Among the records below, find the line with "FOOT DOMME TILE" and the line with "Cataract Surgery in". Set down both and every line between, exactly and with no pictures, but nothing else.
[[ Data for review, beginning ]]
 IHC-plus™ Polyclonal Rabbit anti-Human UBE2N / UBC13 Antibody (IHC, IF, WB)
[[ Data for review, end ]]
[[ Data for review, beginning ]]
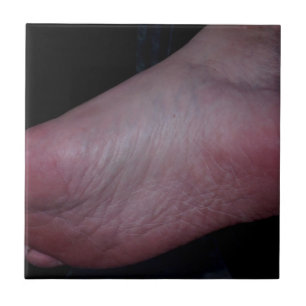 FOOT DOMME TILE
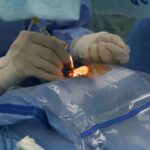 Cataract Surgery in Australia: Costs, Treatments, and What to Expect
[[ Data for review, end ]]
_Task response_:
 FOOT DOMME TILE
 Cataract Surgery in Australia: Costs, Treatments, and What to Expect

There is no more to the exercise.